You can do this with AOI's, but (surprisingly) as others have said, it doesn't appear that you can do this with UDT's.
If it were really important you could always create your data type as an AOI instead of a UDT. An AOI is really just a UDT with code bolted on, but there's no reason you have to actually use that code. You could have the AOI logic empty save for a single NOP, and never call it, and you'd for all intents and purposes have a UDT with bit-level commenting. It's a bit of a hack, but it would work. If I did it I'd be sure to put a rung comment in the AOI logic explaining why there's no logic and why I'm doing it this way.
It’s even simpler than that. It’s pure code.
The AOI mechanism creates and manages a 1:1 UDT composed of an AOI’s defined parameters + EnableIn/Out + local members + some non-visible execution words/flags (prescan/postscan, math overflow, etc).
The “add-on defined type” in the tree is the result “backing tag” definition.
The compiled AOI logic is a single C-style function that accepts as its argument a pointer-to-struct of the backing type.

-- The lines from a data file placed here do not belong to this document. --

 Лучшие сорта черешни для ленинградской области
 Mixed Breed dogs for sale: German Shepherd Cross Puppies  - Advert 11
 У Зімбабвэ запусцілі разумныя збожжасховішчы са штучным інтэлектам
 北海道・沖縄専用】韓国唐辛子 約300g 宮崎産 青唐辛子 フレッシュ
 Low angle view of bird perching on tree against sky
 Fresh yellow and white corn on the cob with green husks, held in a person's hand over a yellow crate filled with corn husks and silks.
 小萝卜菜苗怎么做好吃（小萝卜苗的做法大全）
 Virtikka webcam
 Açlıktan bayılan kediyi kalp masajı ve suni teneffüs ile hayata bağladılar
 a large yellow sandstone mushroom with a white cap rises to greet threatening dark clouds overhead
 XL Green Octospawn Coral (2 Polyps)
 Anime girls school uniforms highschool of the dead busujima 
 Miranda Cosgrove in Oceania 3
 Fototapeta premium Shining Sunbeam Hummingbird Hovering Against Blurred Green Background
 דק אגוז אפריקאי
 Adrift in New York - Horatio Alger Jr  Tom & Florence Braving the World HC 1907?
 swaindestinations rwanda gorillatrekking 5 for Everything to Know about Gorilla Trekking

Hence why you have to instantiate at least one of these backing tags to use an AOI. It goes to explain how the AOI performs, instruction-per-instruction, better than the PLC’s calling code and why editing an AOI online isn’t possible: it’s a raw binary living some place in memory.
The AOI definition probably resides as an instance of an undocumented CIP class, going to explain how you can upload and view the the original “running” code on the processor, just not recompile online.
When you read local members of an AOI using an HMI, you’ve just been looking at the non-visible members of the “backing” UDT that’s been sitting in the tag database all along.
Each In/Out parameter of an AOI is just realized as a pointer-to-type within the same backing tag. The AOI mechanism expands or contracts the called C-function signature, depending on whether the params passes are “required” in Logix (In/Outs implicitly, atomics by user). The pointer(s) to the parameters already come along for the ride in the AOI “instance” param in the AOI call, Logix just happens to enforce that they also point to an actual piece of data by expanding the signature.